:: Records supplied

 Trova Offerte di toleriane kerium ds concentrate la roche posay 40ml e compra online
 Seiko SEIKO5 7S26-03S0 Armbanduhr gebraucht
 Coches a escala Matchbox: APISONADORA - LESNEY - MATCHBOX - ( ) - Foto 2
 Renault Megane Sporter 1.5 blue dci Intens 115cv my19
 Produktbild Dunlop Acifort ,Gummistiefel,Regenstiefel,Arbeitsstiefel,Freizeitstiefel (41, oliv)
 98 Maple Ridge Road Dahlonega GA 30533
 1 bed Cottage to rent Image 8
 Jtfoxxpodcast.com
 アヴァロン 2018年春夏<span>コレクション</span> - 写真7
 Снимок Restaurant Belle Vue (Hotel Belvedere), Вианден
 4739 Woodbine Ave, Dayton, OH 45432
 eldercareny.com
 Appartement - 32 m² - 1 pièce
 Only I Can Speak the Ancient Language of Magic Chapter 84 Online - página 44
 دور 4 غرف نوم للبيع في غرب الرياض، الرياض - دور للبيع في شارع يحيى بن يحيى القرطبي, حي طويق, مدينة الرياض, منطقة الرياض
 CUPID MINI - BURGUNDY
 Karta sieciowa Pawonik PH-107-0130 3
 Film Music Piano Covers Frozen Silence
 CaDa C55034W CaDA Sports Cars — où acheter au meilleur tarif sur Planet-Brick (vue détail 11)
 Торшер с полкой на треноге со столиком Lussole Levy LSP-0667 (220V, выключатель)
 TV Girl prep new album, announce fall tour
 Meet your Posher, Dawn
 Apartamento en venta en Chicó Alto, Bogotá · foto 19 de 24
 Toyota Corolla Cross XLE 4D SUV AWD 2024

::::

▶ _Work required_: Return, with nothing added or dropped, the line containing "Karta sieciowa Pawonik PH-107-0130 3" and every line after it to the end of the listing above.

▶ _Exercise output_:
 Karta sieciowa Pawonik PH-107-0130 3
 Film Music Piano Covers Frozen Silence
 CaDa C55034W CaDA Sports Cars — où acheter au meilleur tarif sur Planet-Brick (vue détail 11)
 Торшер с полкой на треноге со столиком Lussole Levy LSP-0667 (220V, выключатель)
 TV Girl prep new album, announce fall tour
 Meet your Posher, Dawn
 Apartamento en venta en Chicó Alto, Bogotá · foto 19 de 24
 Toyota Corolla Cross XLE 4D SUV AWD 2024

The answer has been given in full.